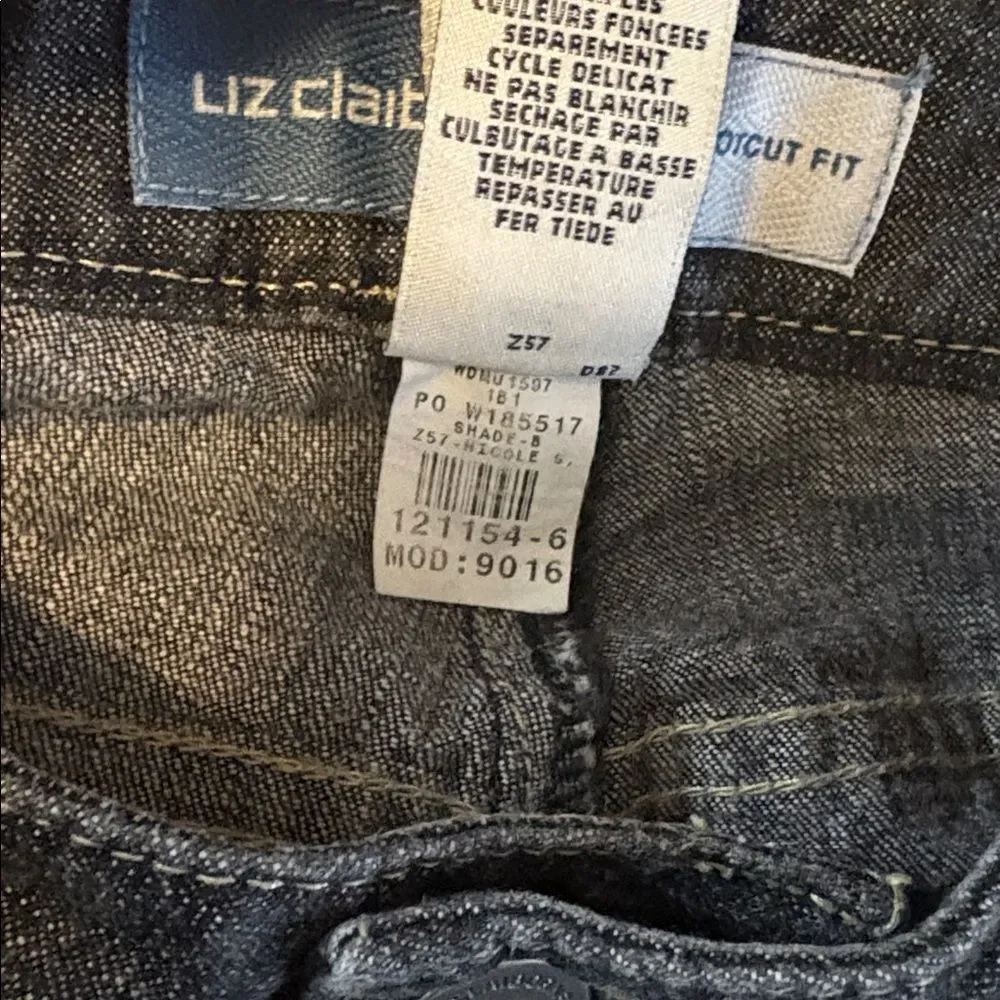 Liz Claiborne bootcut tall jeans size 6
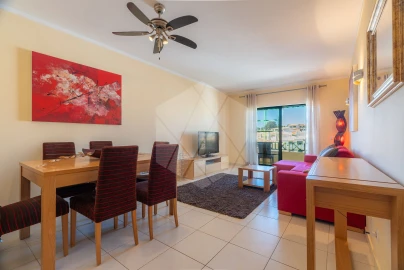Apartamento T2 para Venda em Albufeira e Olhos de Água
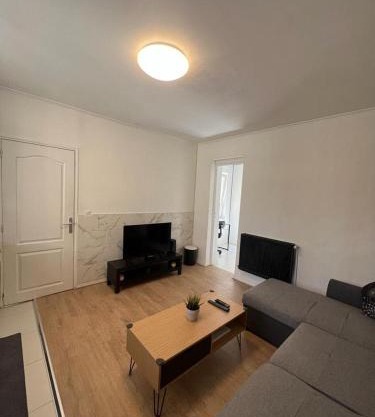 2 bedroom Apartment very close to Paris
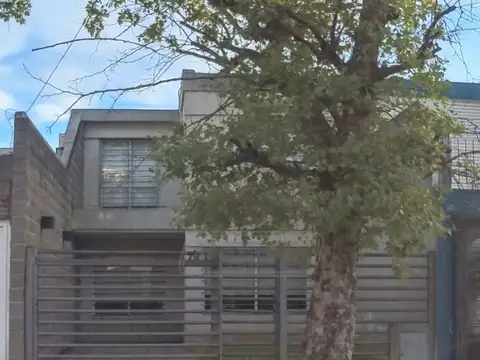 Casa - Venta - Argentina, Ramos Mejía - Brandsen 79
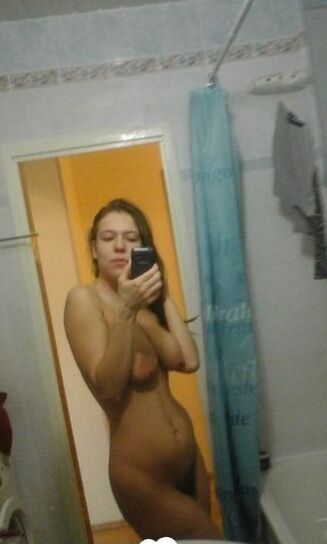My ex-girlfriends nudes for you horny lads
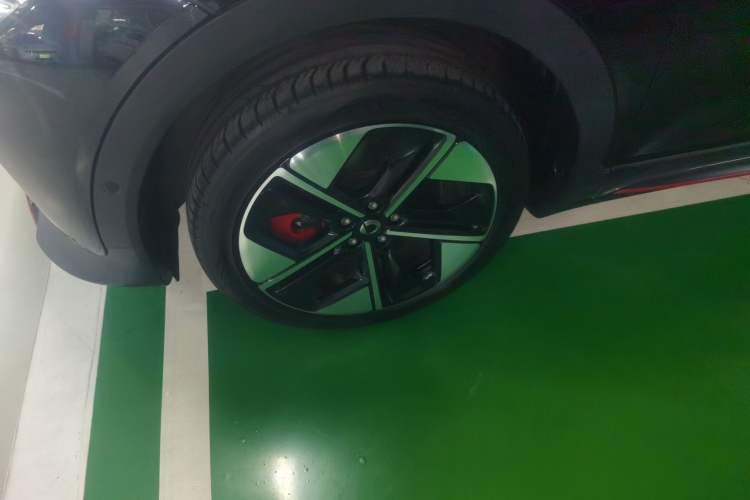 Used smart #1 2022 BRABUS Performance Edition Left Front Wheel Hub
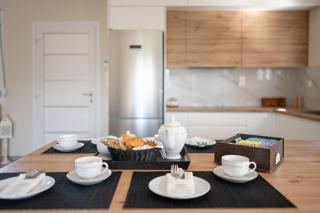 Newly Built Home with Garden, 400m to Beach - 1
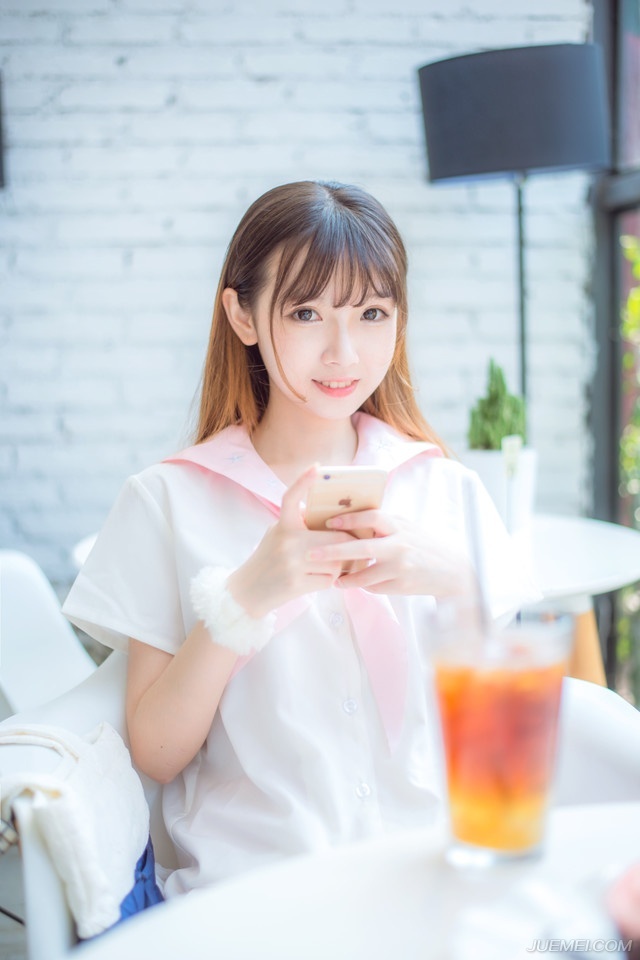 “不会。”小乔摇了摇头，眼中的茫然之色更浓：“妾身也不知道。”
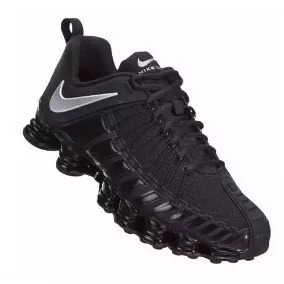 tenis nike metade branco metade preto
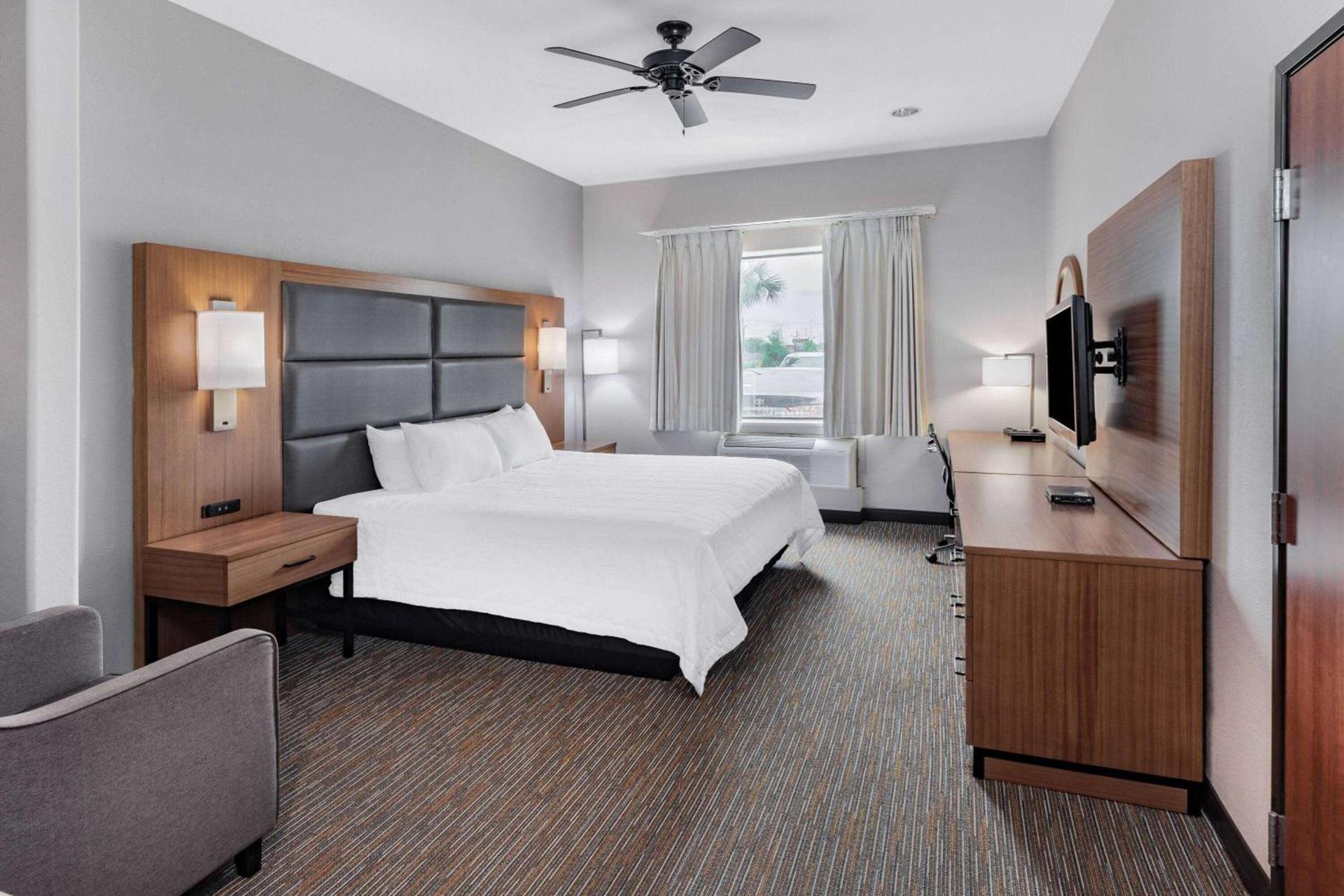 Wingate by Wyndham Houston Bush Intercontinental Airport photo 71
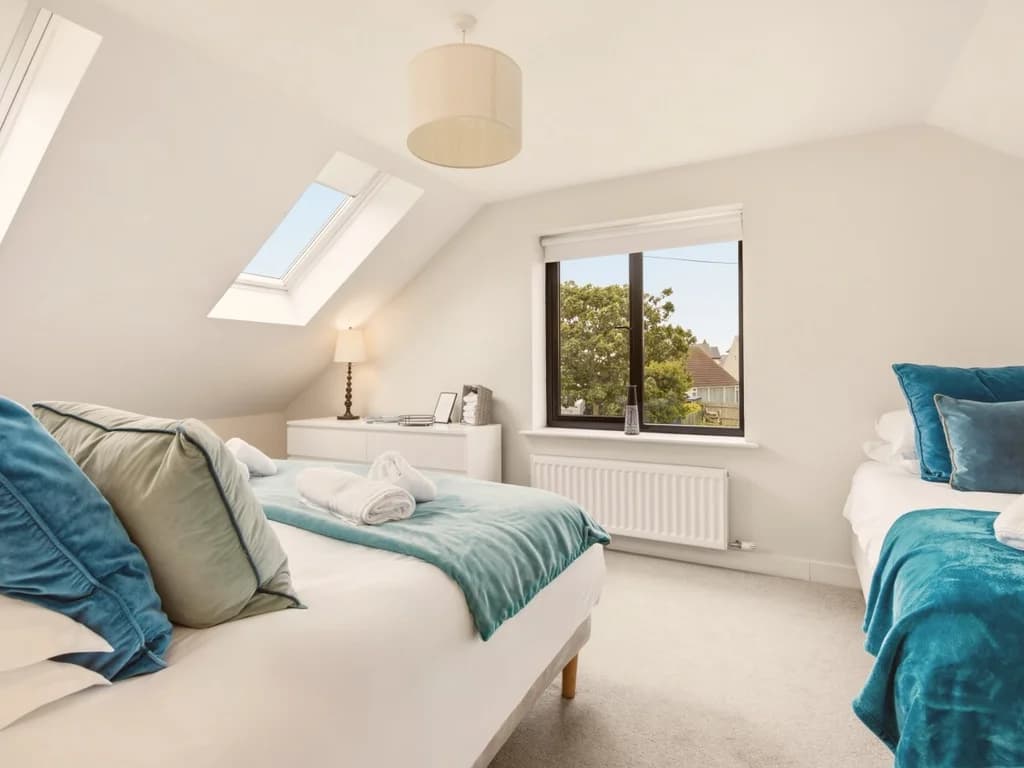 Flexible family bedroom with super king, single bed and skylight window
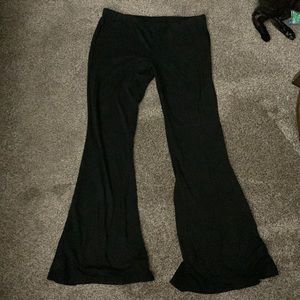 Hot Kiss flares in black size XL NWOT
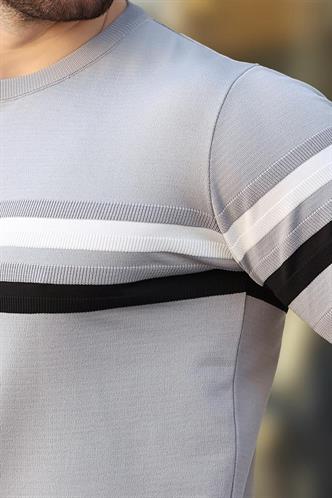 Madmext Gri Bisiklet Yaka Çizgili Erkek T-shirt E7412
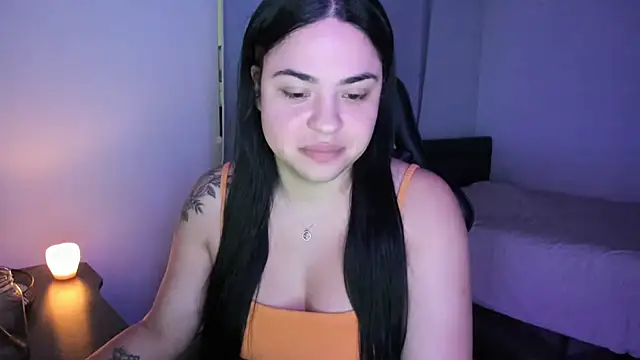 Snapshot of MelSaunders chatting on January 2025 04:39:02 AM MelSaunders online show from January 2025 04:39:02 AM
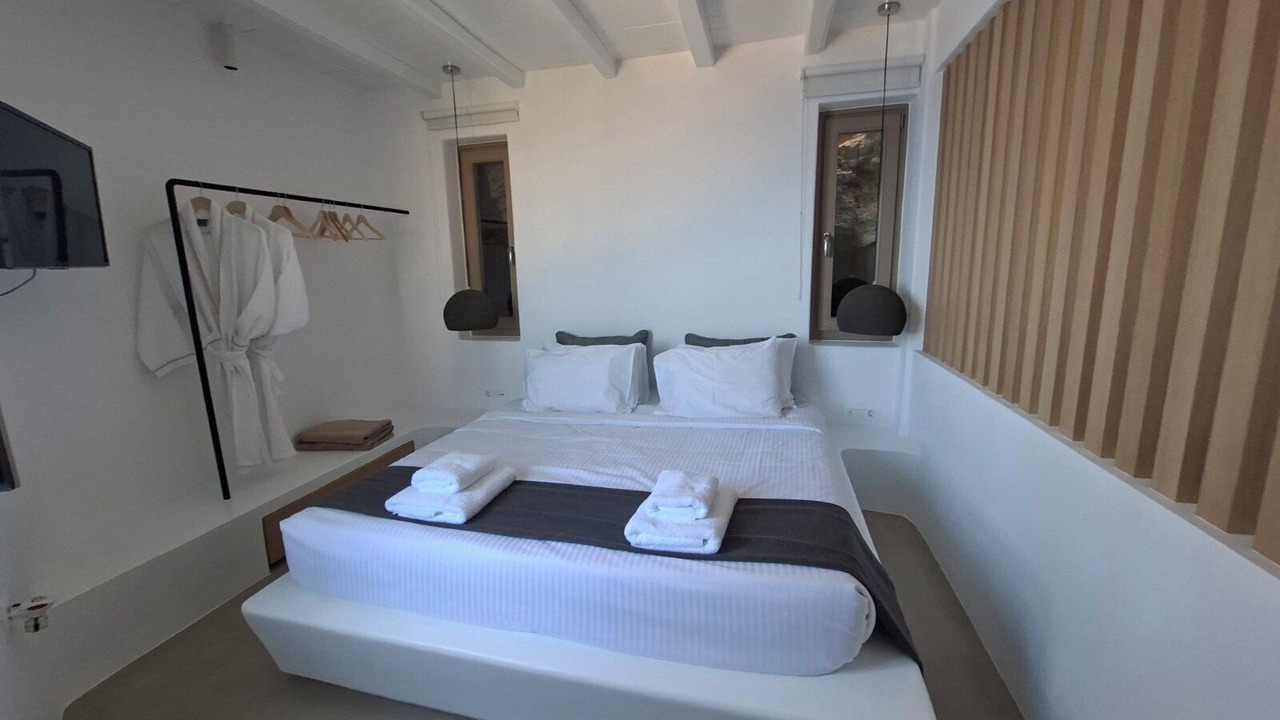Photo of Bedroom in Folegandros Town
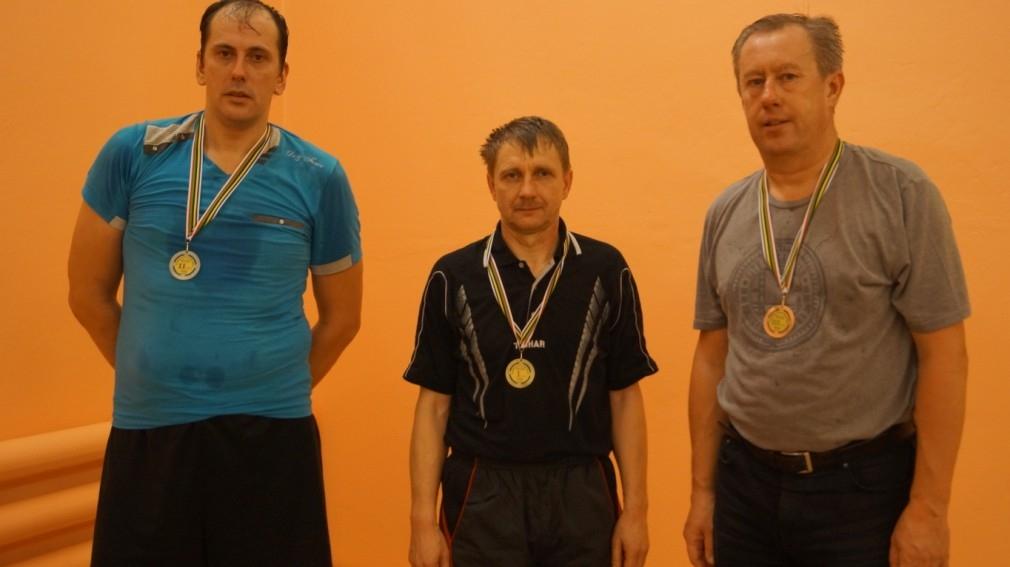 Galda teniss: notiek novada čempionāts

EXERCISE: All entries above should be printed exactly, though without their pictures.

REPLY TO THE EXERCISE:
 Liz Claiborne bootcut tall jeans size 6
Apartamento T2 para Venda em Albufeira e Olhos de Água
 2 bedroom Apartment very close to Paris
 Casa - Venta - Argentina, Ramos Mejía - Brandsen 79
My ex-girlfriends nudes for you horny lads
 Used smart #1 2022 BRABUS Performance Edition Left Front Wheel Hub
 Newly Built Home with Garden, 400m to Beach - 1
 “不会。”小乔摇了摇头，眼中的茫然之色更浓：“妾身也不知道。”
 tenis nike metade branco metade preto
 Wingate by Wyndham Houston Bush Intercontinental Airport photo 71
 Flexible family bedroom with super king, single bed and skylight window
 Hot Kiss flares in black size XL NWOT
 Madmext Gri Bisiklet Yaka Çizgili Erkek T-shirt E7412
 Snapshot of MelSaunders chatting on January 2025 04:39:02 AM MelSaunders online show from January 2025 04:39:02 AM
Photo of Bedroom in Folegandros Town
 Galda teniss: notiek novada čempionāts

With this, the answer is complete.